The data:

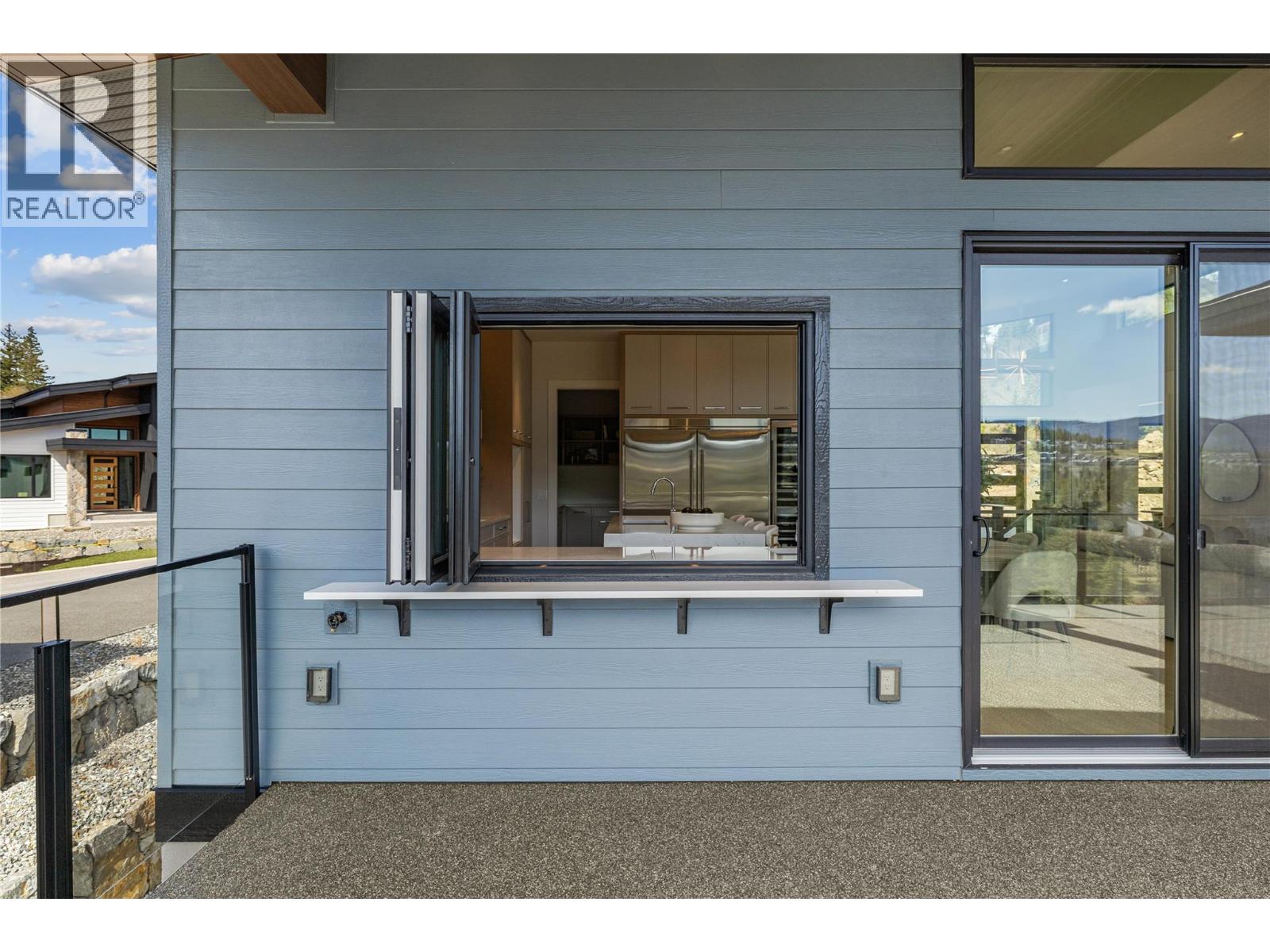  189 Wildsong Crescent, Vernon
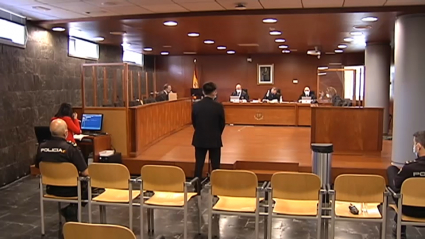 Acusado de acuchillar al exnovio de su pareja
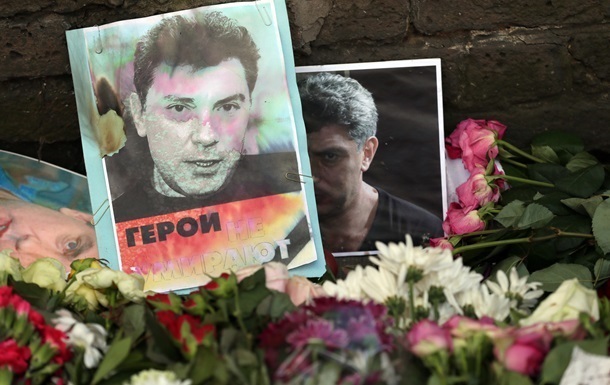 Активисты SERB, подравшиеся со сторонниками Немцова: мы хотели убрать табличку "Немцов мост"
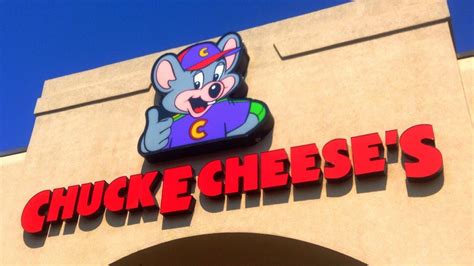 Chuck E Cheese Operates As Pasquallys Pizza And Wings On Delivery Apps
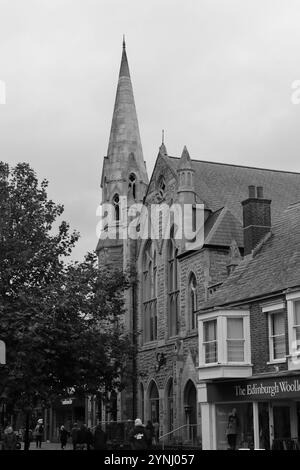 Poole, Dorset, Angleterre. 2 octobre 2024. Vue en niveaux de gris de l'église méthodiste de Poole. Banque D'Images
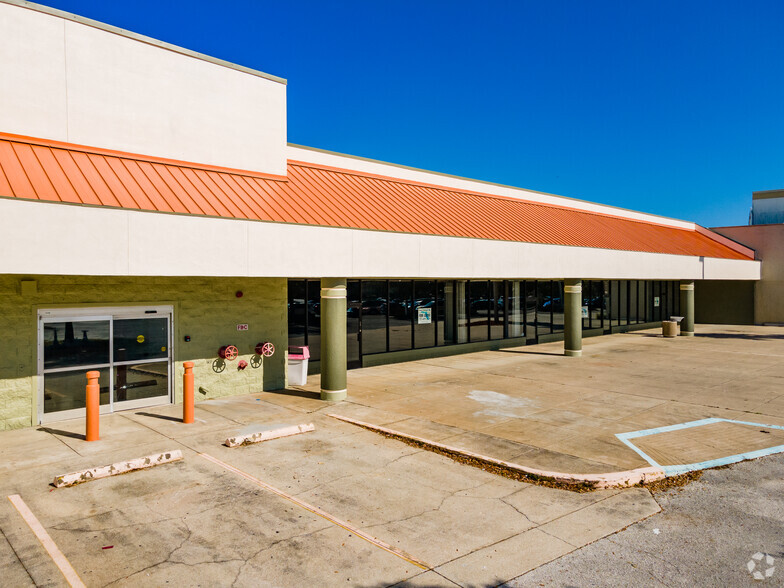 6233-6341 Tacoma Dr, Port Richey, FL for lease - Building Photo - Image 1 of 19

Exercise requirements: Your answer must be the lines from the one holding "Acusado de acuchillar" through the final line of the records above, exactly as written and without any pictures.

Written solution:
 Acusado de acuchillar al exnovio de su pareja
 Активисты SERB, подравшиеся со сторонниками Немцова: мы хотели убрать табличку "Немцов мост"
 Chuck E Cheese Operates As Pasquallys Pizza And Wings On Delivery Apps
 Poole, Dorset, Angleterre. 2 octobre 2024. Vue en niveaux de gris de l'église méthodiste de Poole. Banque D'Images
 6233-6341 Tacoma Dr, Port Richey, FL for lease - Building Photo - Image 1 of 19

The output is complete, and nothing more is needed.